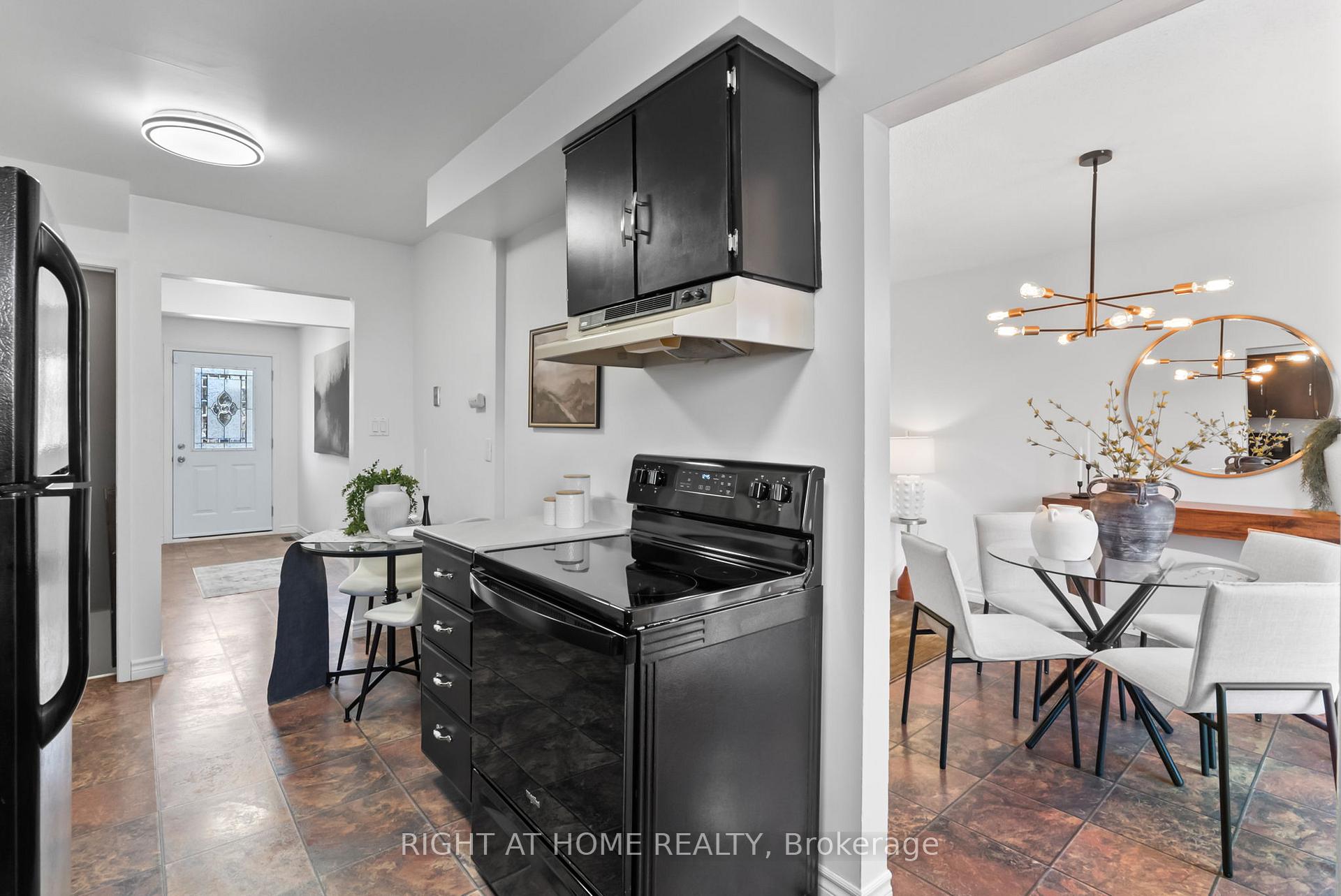 Photo 8 of 911 Gentry Crescent, Oshawa, Eastdale — HOMEH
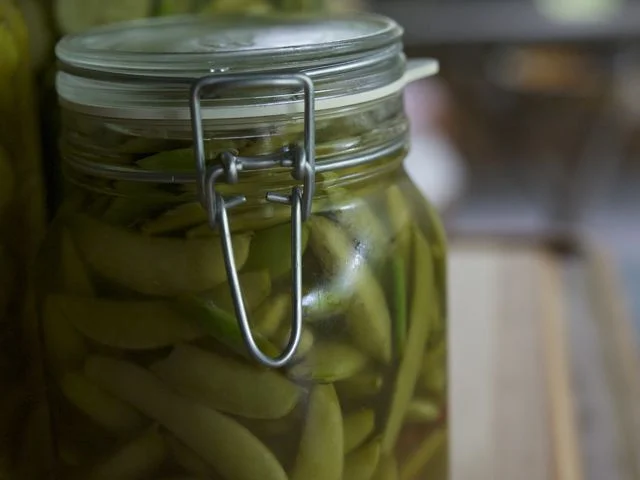 Cukes Galore: Pickled Sugar Snap Peas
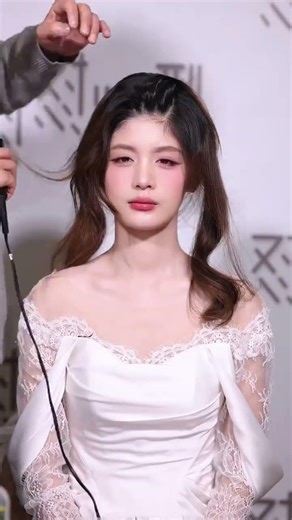 Effortless Korean Low Bun: A Bride's Chic Look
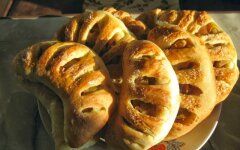 Рогалики на маргарине с яблоками и корицей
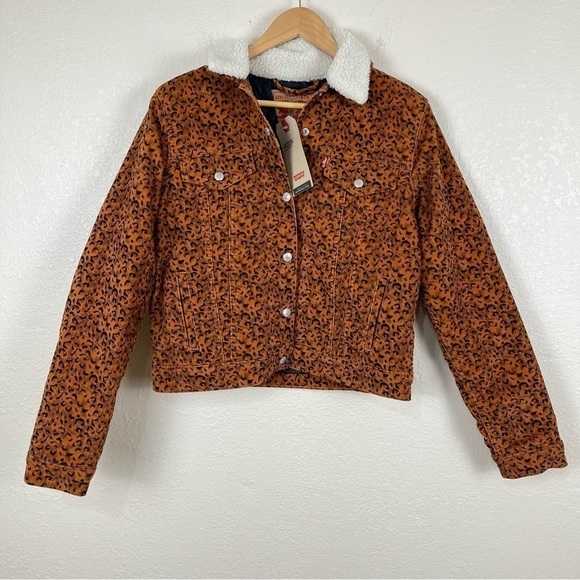 Levi’s Leopard Print Sherpa Tucker Jacket Size Medium Women IRREGULAR - Picture 3 of 15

========================================

About this task: From the first line of the material to the last, retype everything exactly except the images.

Your solution:
 Photo 8 of 911 Gentry Crescent, Oshawa, Eastdale — HOMEH
 Cukes Galore: Pickled Sugar Snap Peas
 Effortless Korean Low Bun: A Bride's Chic Look
 Рогалики на маргарине с яблоками и корицей
 Levi’s Leopard Print Sherpa Tucker Jacket Size Medium Women IRREGULAR - Picture 3 of 15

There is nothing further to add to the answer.